§ **Exercise**
Starting with the line below that holds "bleach-ichimaru_gin - bleach-ichimaru-gin" and stopping after the line that holds "Our Insect Removal", transcribe the lines exactly, leaving out all pictures.

(Dataset items)
■ ■ ■ ■ ■ ■ ■

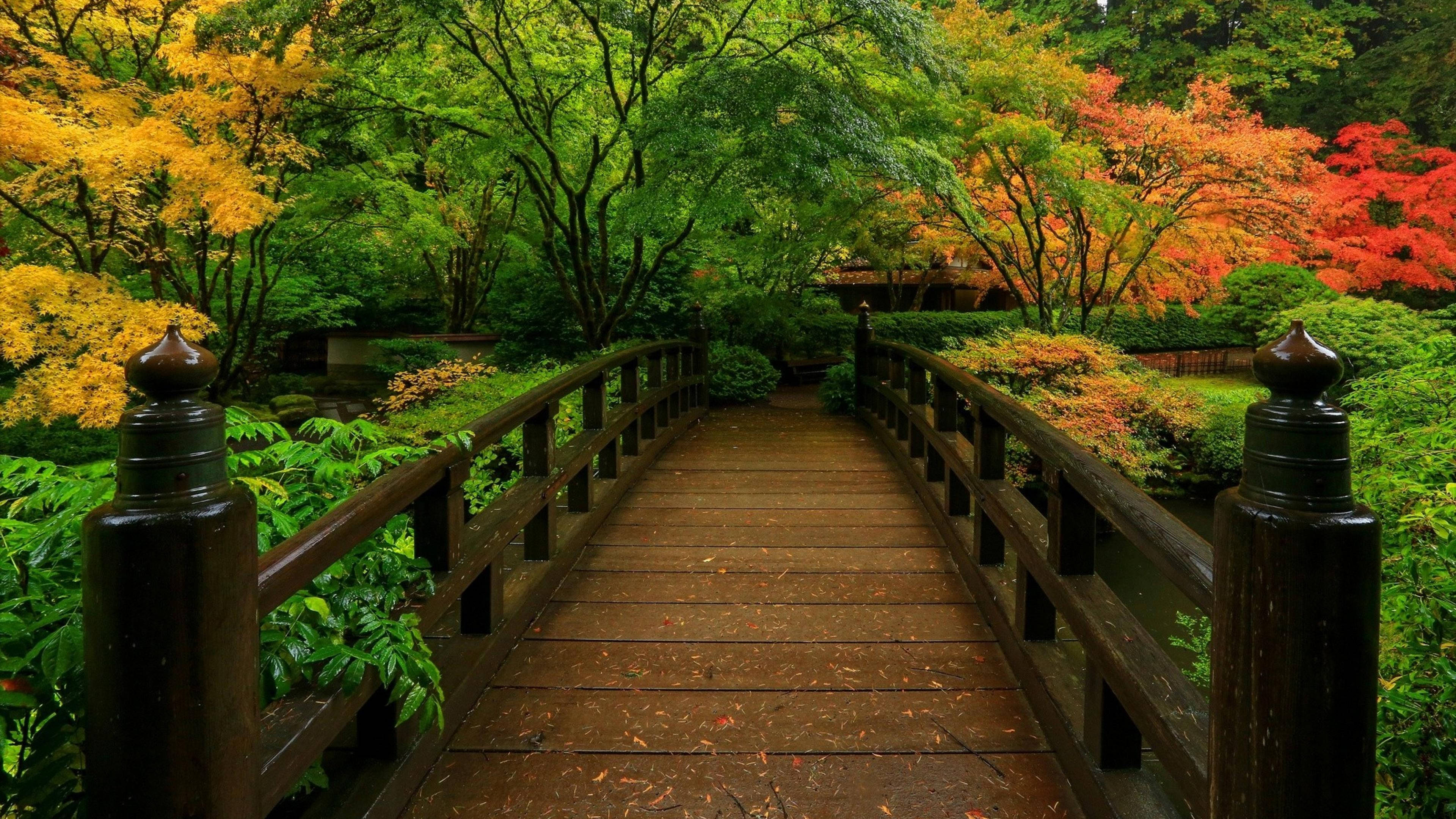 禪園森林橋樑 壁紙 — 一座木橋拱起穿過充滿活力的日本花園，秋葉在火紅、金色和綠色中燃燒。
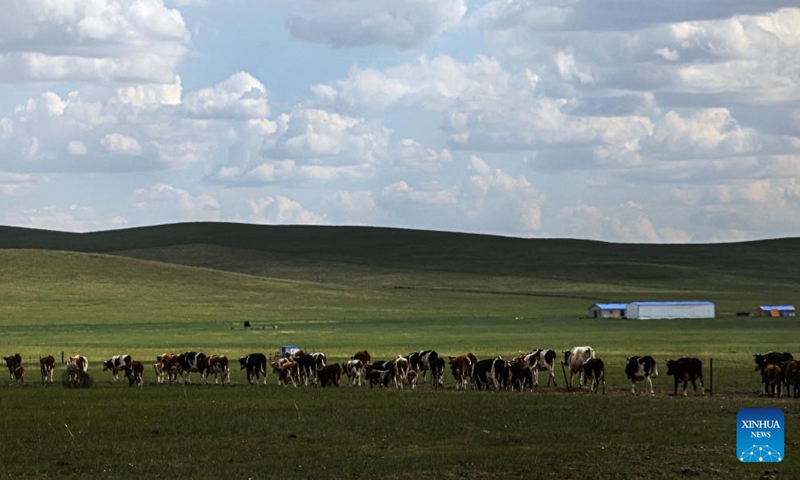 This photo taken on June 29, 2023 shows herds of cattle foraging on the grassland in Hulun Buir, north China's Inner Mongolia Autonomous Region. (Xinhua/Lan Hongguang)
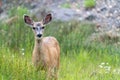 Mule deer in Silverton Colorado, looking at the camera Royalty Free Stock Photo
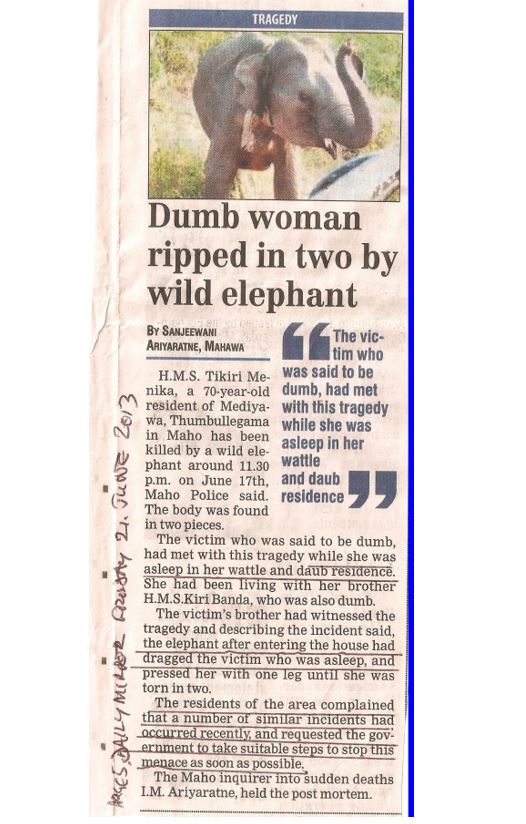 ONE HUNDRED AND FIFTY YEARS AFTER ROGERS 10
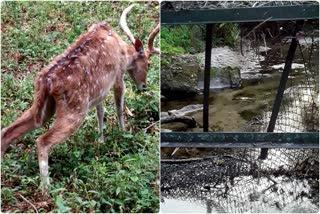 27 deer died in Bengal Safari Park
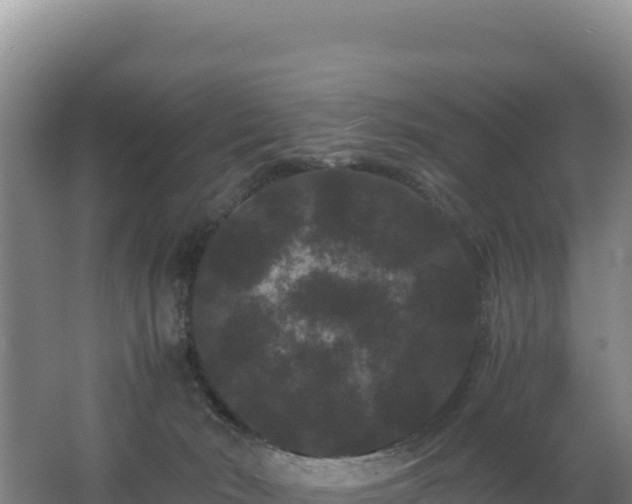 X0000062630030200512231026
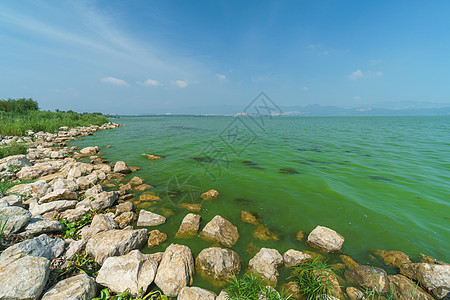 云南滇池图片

■ ■ ■ ■ ■ ■ ■

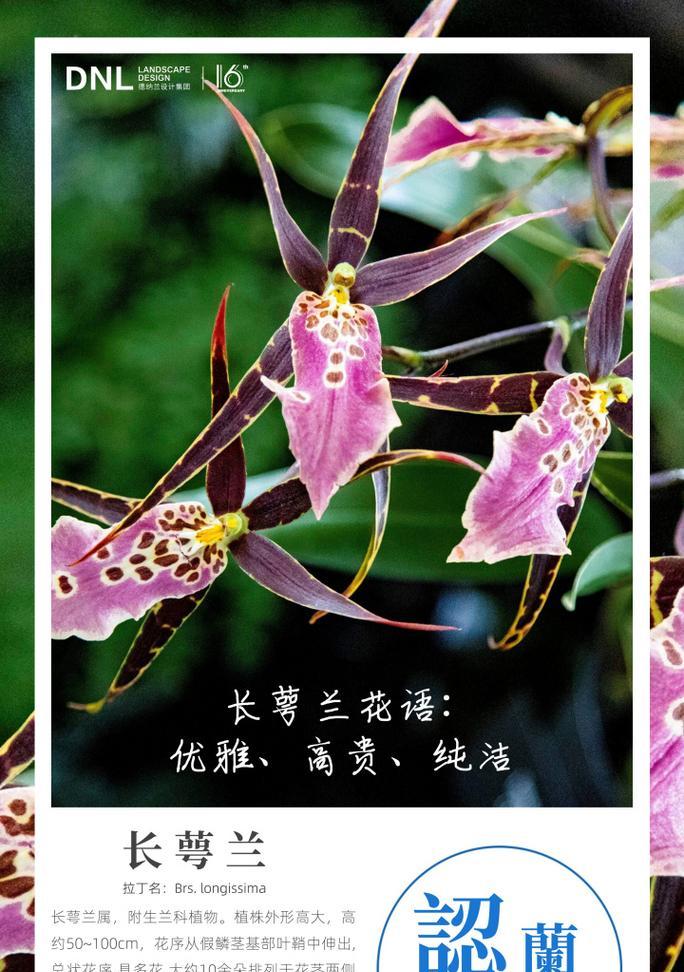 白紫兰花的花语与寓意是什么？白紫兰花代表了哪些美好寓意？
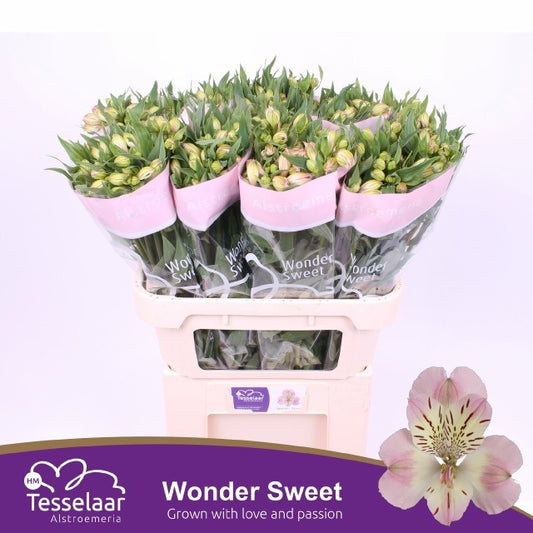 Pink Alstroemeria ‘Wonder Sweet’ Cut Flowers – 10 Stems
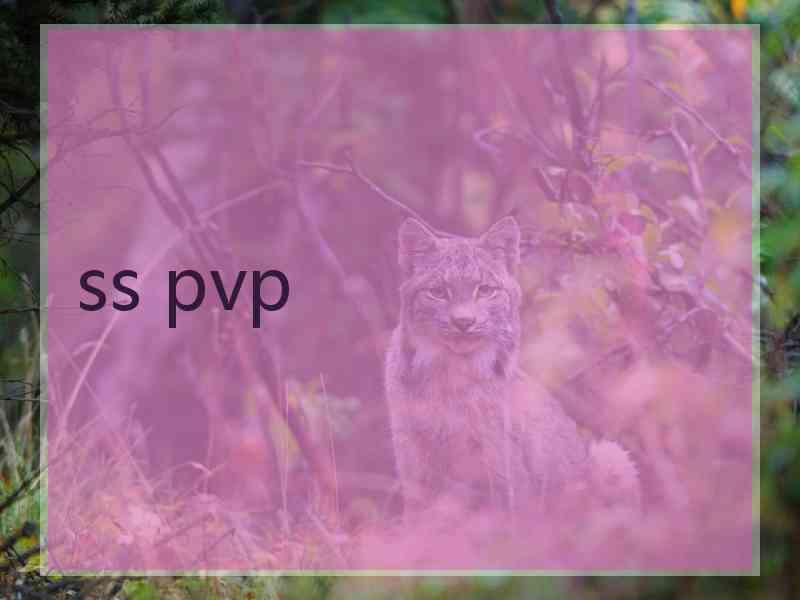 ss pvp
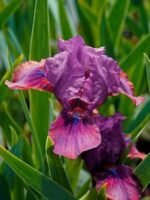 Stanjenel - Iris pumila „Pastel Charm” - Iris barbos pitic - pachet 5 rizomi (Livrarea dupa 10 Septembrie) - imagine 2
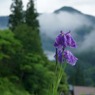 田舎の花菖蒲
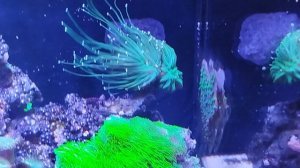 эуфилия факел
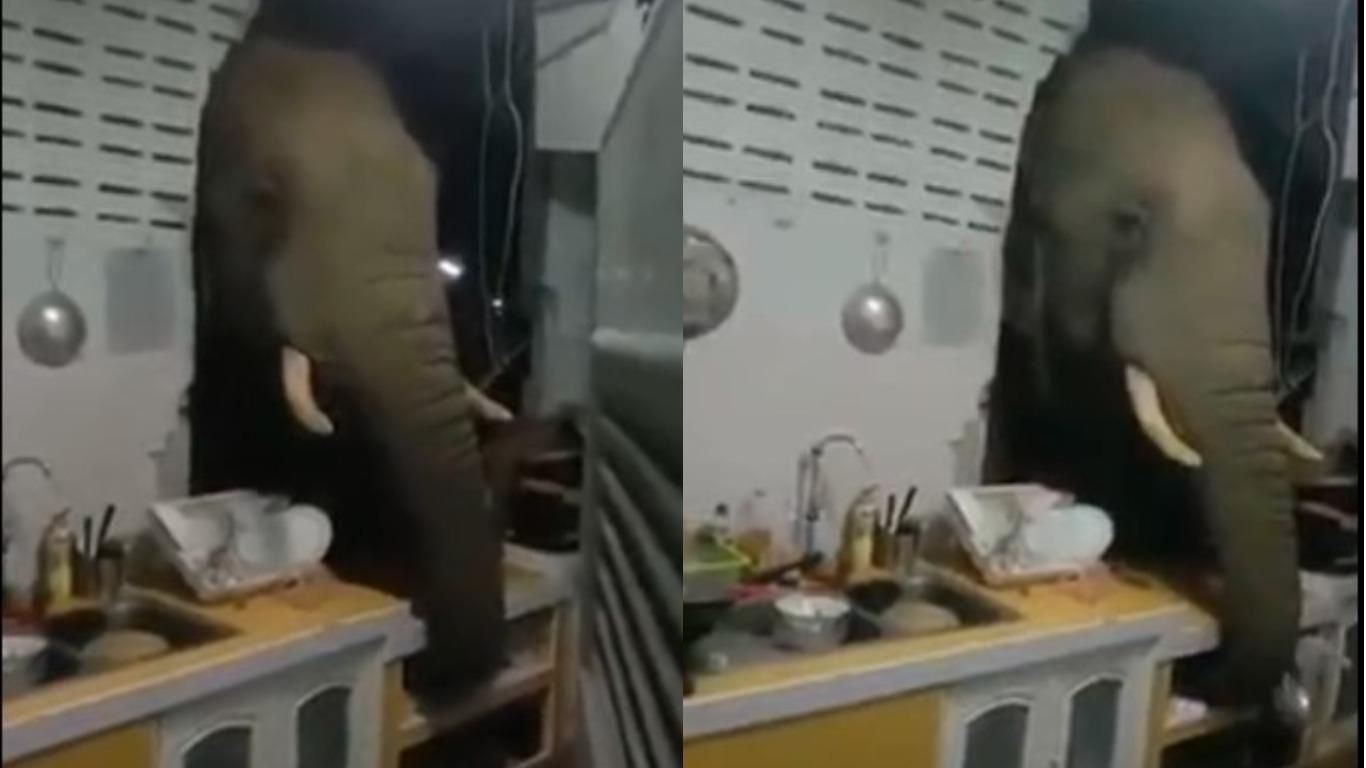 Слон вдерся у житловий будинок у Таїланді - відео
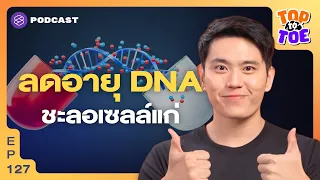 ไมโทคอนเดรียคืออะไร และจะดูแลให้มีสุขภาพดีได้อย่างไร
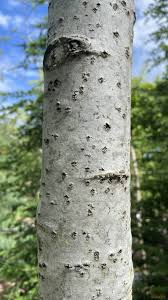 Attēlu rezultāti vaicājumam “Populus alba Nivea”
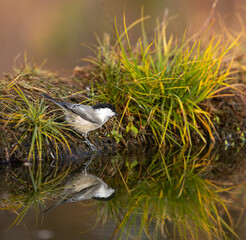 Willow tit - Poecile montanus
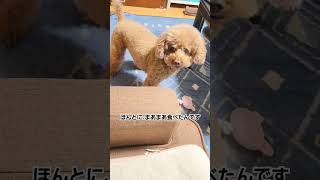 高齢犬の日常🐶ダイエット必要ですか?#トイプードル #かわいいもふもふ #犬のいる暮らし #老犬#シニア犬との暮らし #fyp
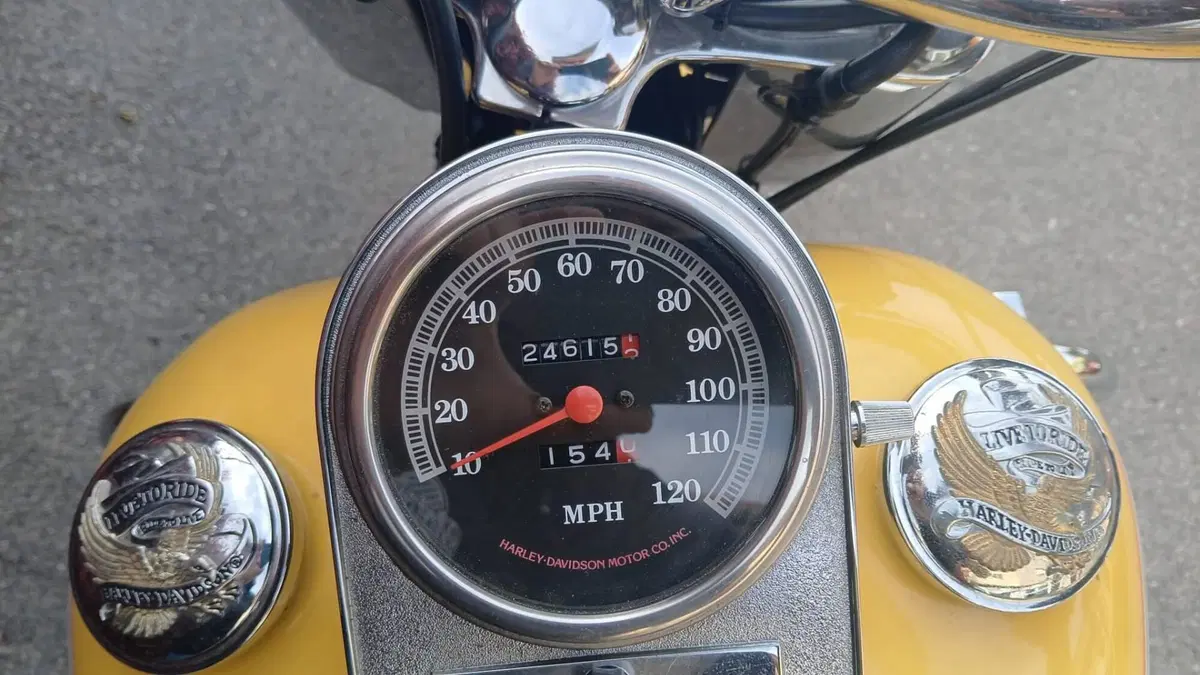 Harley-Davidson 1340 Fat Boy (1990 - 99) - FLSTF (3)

■ ■ ■ ■ ■ ■ ■

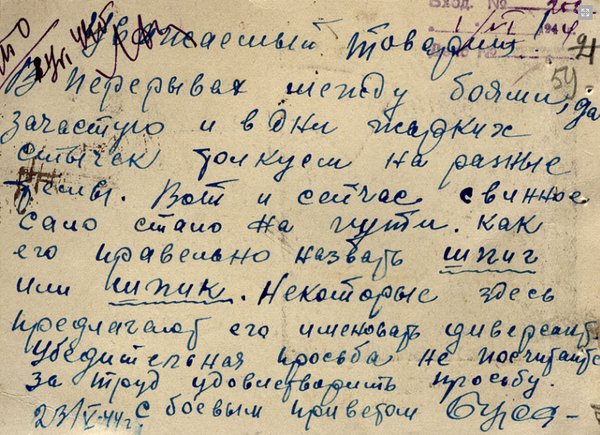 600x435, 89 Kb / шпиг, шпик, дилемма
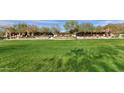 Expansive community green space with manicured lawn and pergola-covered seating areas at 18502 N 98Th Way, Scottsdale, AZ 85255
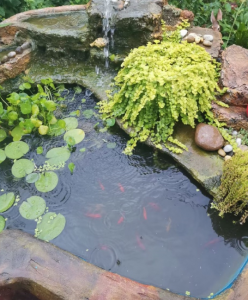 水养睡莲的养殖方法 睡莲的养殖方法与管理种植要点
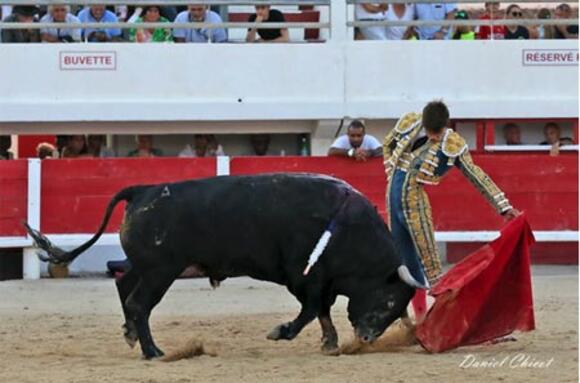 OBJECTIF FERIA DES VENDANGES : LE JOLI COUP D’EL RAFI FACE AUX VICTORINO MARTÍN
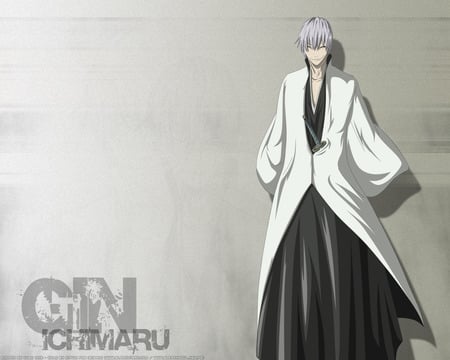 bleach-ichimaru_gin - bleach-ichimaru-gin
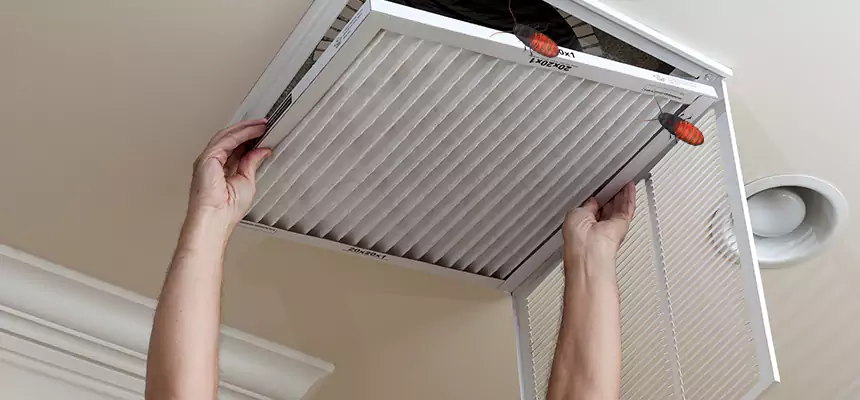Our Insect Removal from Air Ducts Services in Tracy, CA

■ ■ ■ ■ ■ ■ ■

§ **Solution to the exercise**
 bleach-ichimaru_gin - bleach-ichimaru-gin
Our Insect Removal from Air Ducts Services in Tracy, CA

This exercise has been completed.